Within the records below, find the line with "Autumn Adventure: Warrior" and the line with "Canvas Print - Black", then reproduce exactly those two lines and all lines between them, without any picture.

- - - - - - -

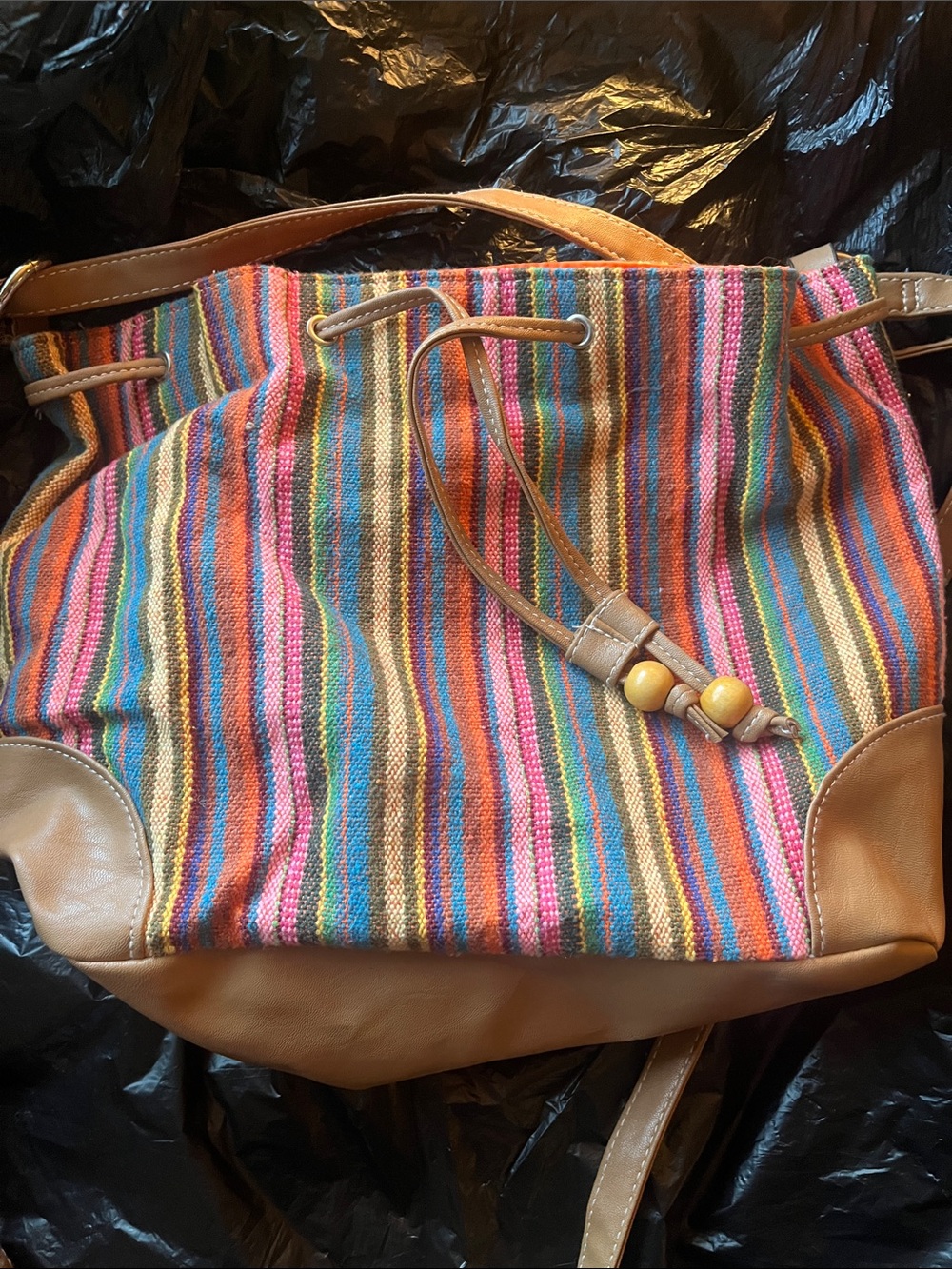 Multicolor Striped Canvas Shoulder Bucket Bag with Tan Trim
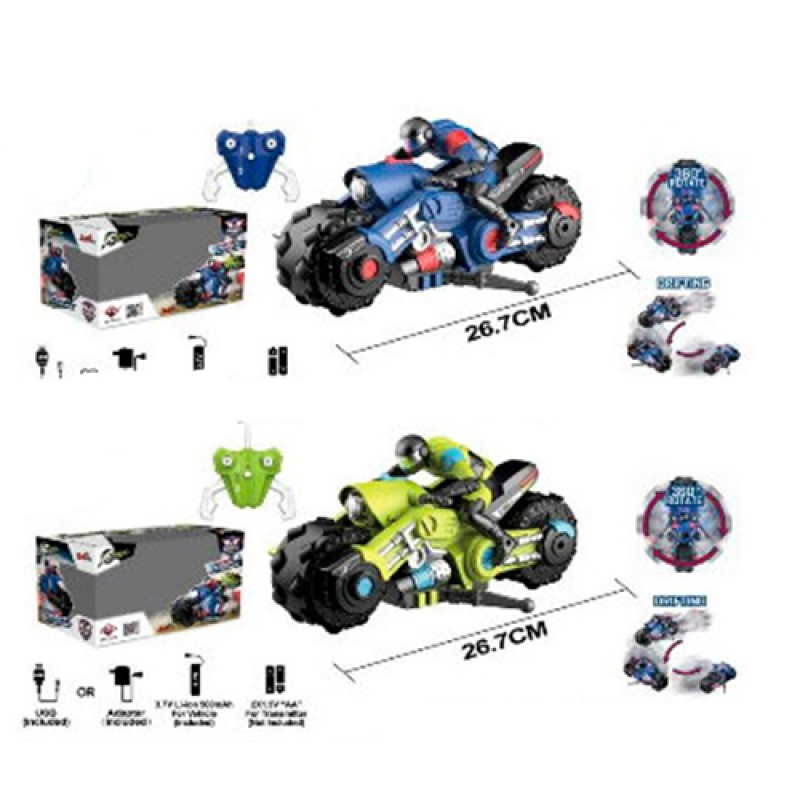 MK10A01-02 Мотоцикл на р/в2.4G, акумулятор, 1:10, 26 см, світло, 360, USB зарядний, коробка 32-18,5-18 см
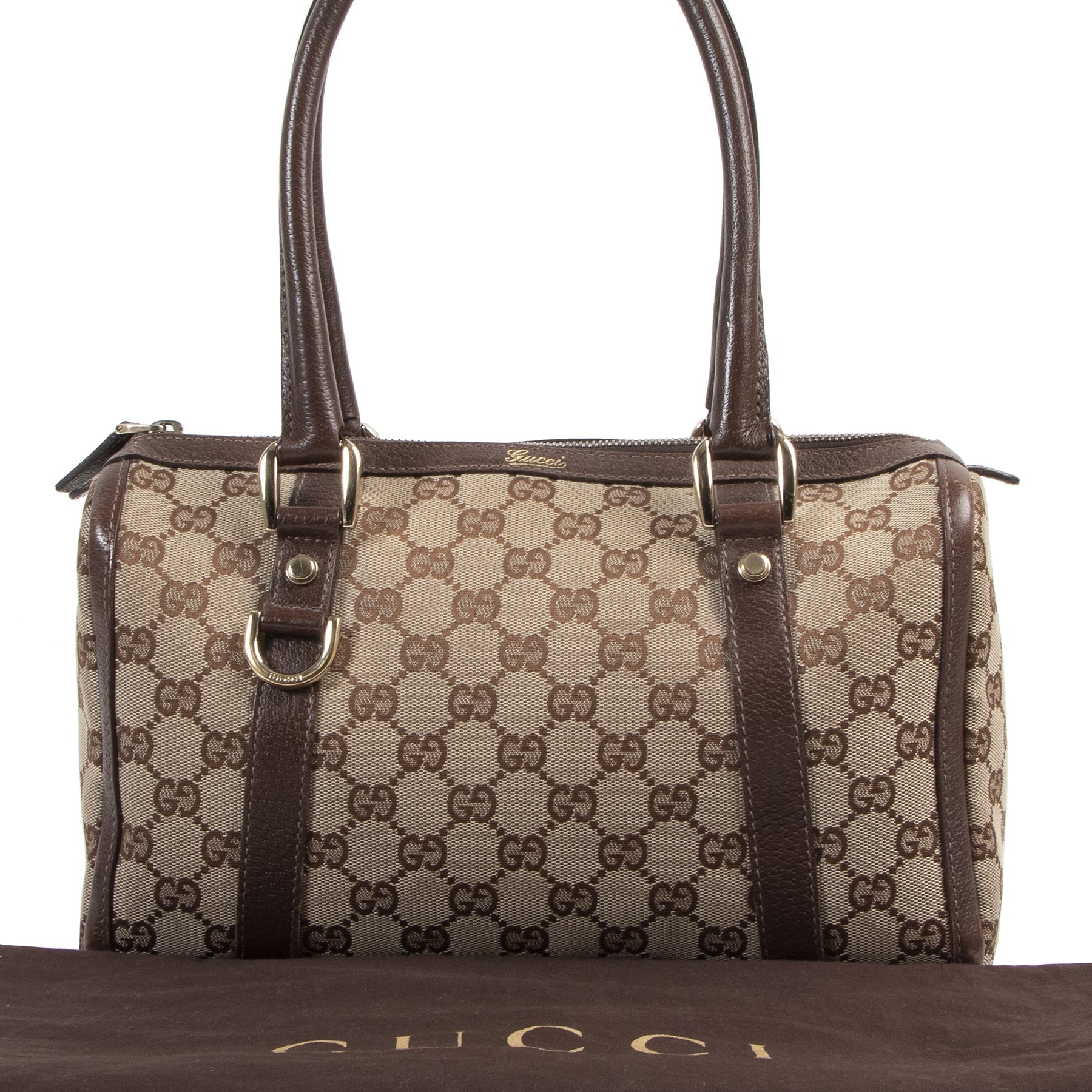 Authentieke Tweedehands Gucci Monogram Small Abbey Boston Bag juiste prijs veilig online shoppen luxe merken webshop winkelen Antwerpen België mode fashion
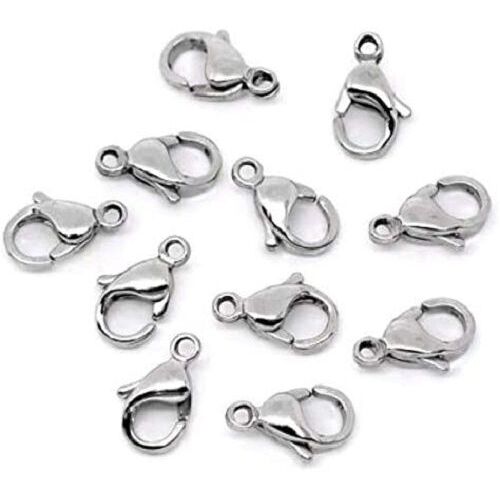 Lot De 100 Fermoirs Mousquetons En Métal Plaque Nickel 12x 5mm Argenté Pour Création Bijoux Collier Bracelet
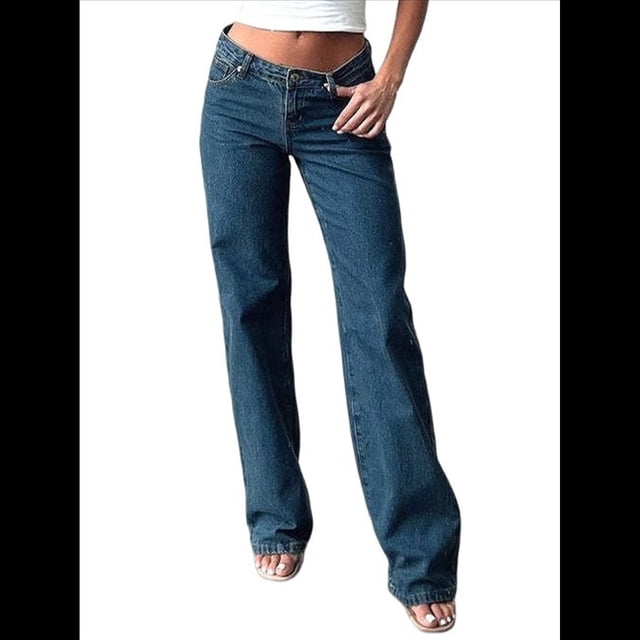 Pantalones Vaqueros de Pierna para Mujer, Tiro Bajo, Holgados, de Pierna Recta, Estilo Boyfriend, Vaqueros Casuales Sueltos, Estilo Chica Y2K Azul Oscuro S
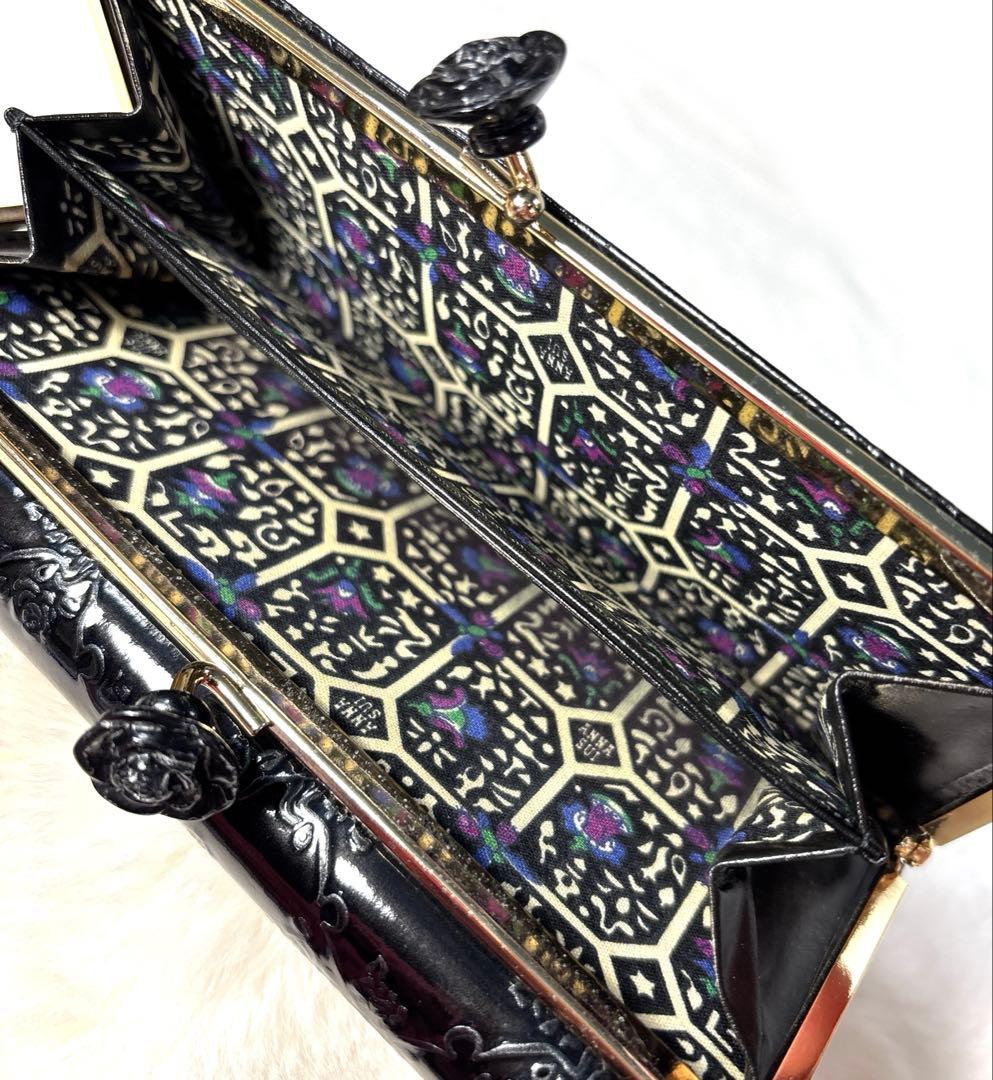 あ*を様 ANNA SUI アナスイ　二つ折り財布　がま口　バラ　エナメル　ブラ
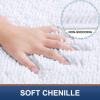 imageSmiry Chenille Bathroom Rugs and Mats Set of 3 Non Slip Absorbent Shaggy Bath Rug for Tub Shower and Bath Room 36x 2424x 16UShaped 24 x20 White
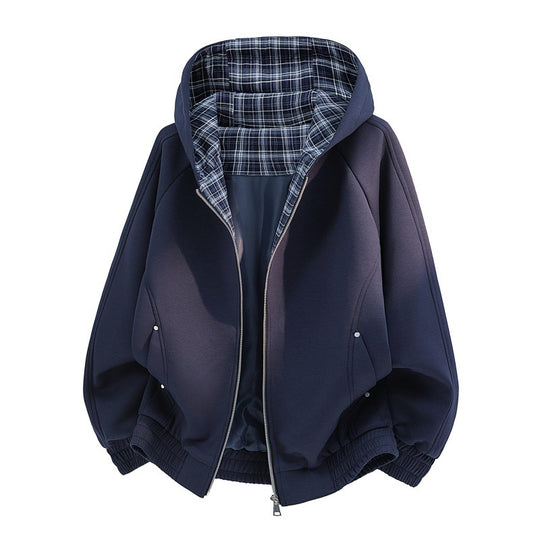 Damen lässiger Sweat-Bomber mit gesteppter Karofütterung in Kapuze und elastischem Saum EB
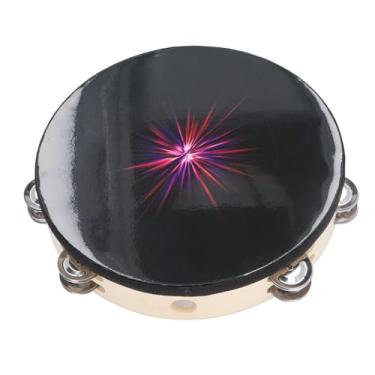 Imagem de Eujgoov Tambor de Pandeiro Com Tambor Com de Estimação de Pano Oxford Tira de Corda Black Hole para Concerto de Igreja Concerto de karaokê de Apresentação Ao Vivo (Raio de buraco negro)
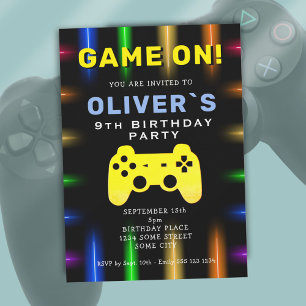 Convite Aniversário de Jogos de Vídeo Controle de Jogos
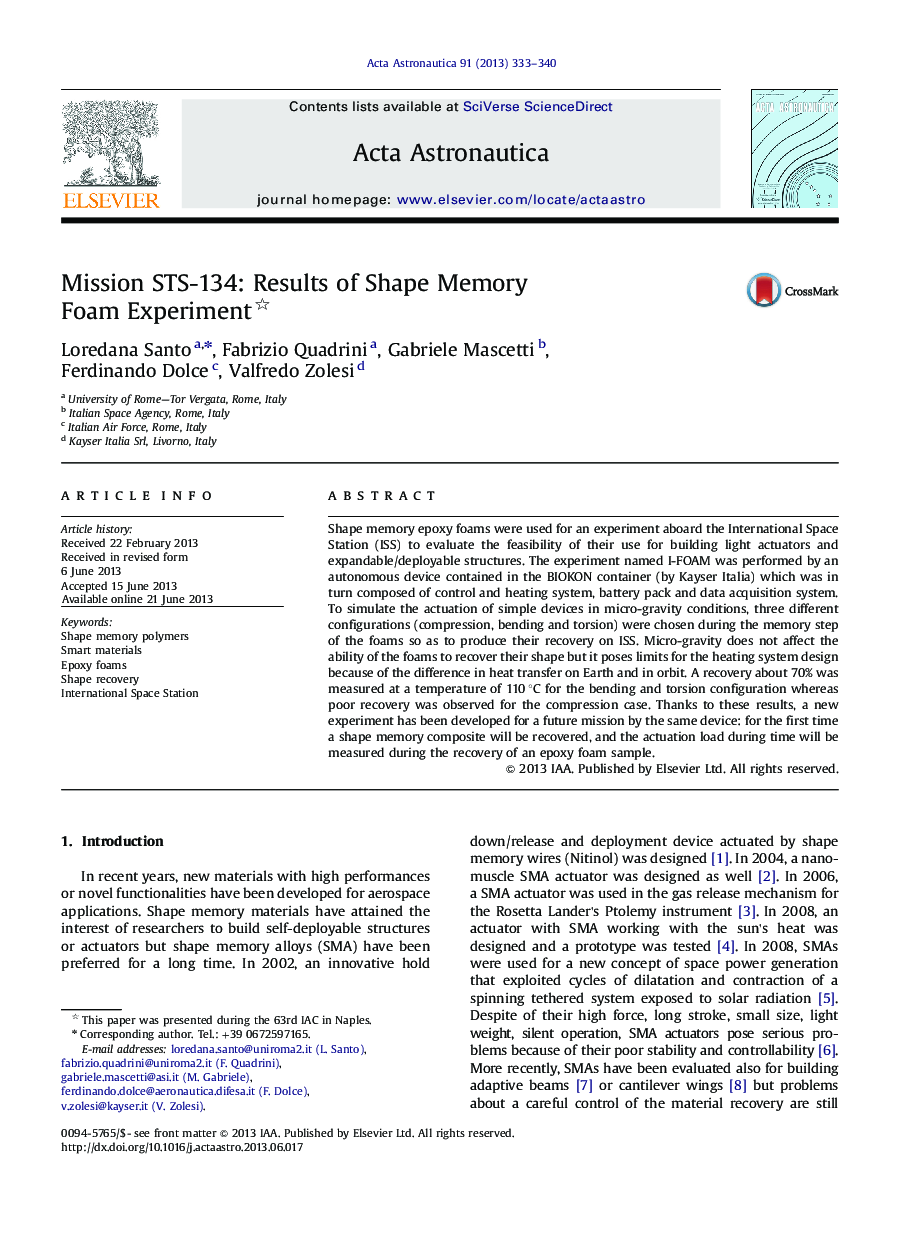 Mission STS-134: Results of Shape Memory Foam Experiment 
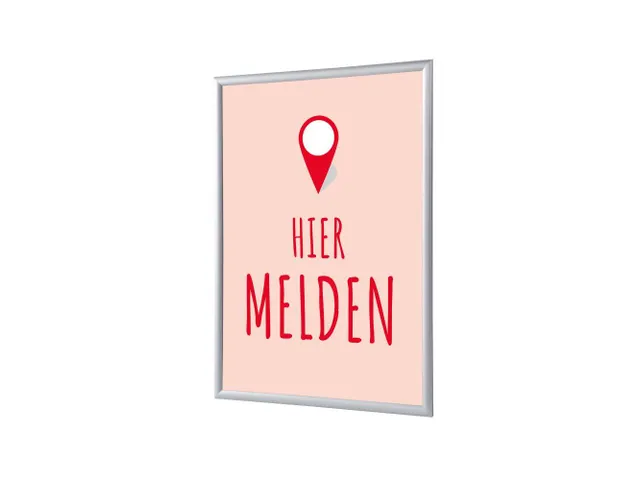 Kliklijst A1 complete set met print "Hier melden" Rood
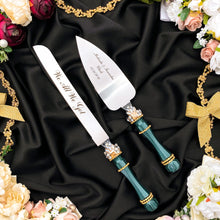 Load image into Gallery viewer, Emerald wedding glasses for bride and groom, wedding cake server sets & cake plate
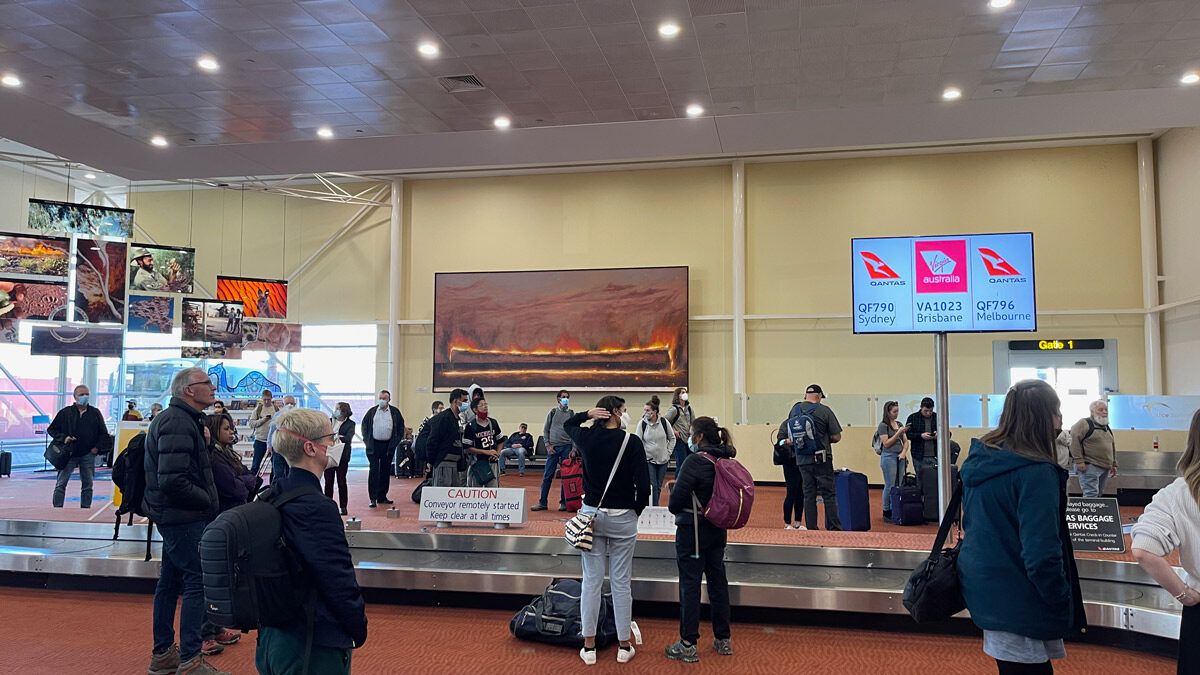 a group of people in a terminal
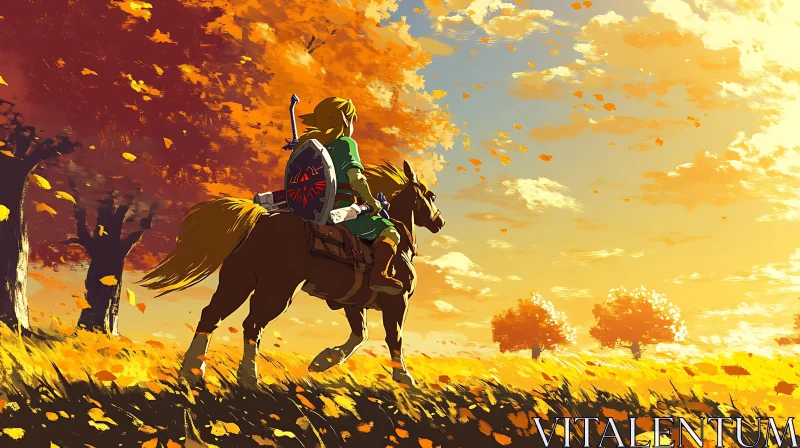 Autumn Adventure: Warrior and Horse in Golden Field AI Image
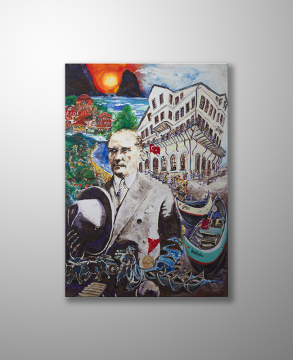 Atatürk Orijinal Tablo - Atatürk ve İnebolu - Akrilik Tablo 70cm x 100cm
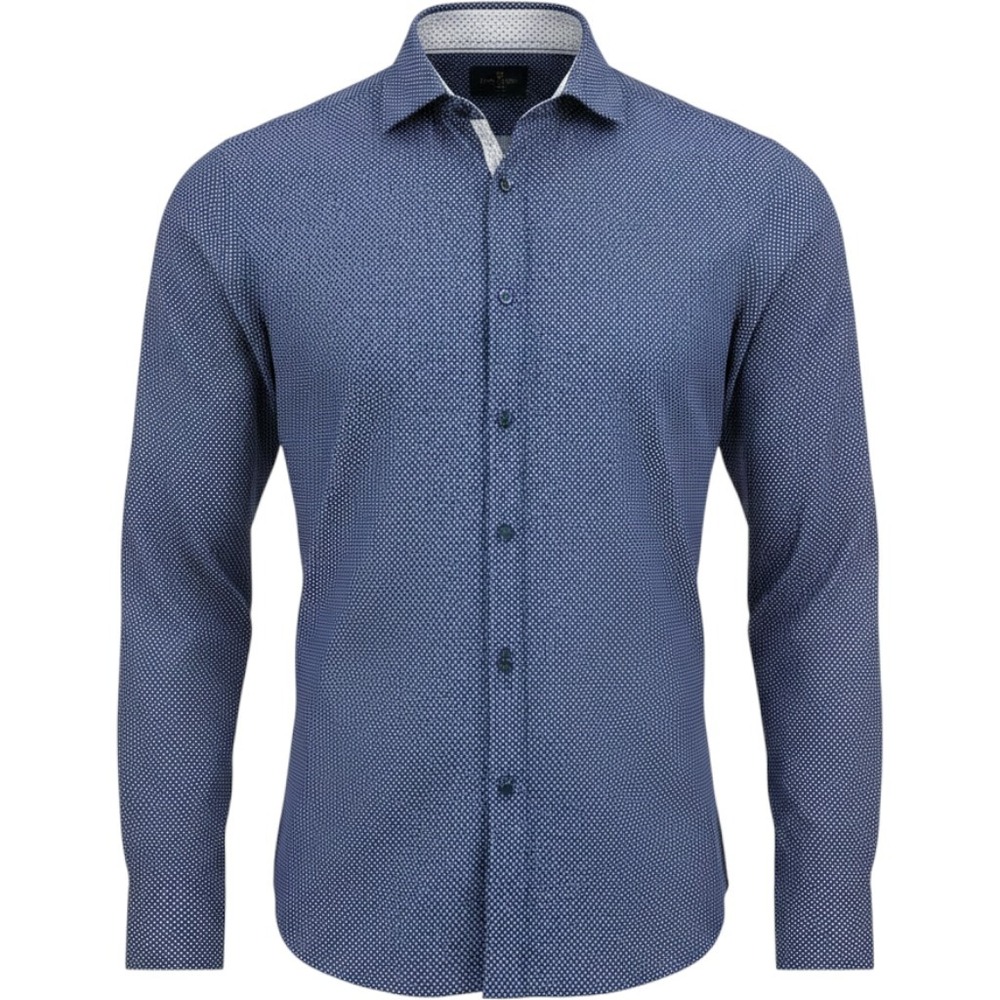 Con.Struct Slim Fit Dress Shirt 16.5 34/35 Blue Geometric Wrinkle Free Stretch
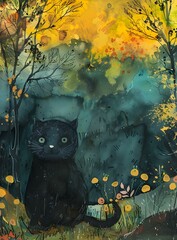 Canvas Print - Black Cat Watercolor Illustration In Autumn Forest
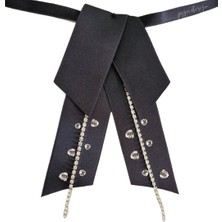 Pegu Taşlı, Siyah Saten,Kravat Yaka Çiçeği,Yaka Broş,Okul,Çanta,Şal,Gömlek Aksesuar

- - - - - - -

• _EXPECTED OUTPUT_
 Autumn Adventure: Warrior and Horse in Golden Field AI Image
 Atatürk Orijinal Tablo - Atatürk ve İnebolu - Akrilik Tablo 70cm x 100cm
 Con.Struct Slim Fit Dress Shirt 16.5 34/35 Blue Geometric Wrinkle Free Stretch
 Canvas Print - Black Cat Watercolor Illustration In Autumn Forest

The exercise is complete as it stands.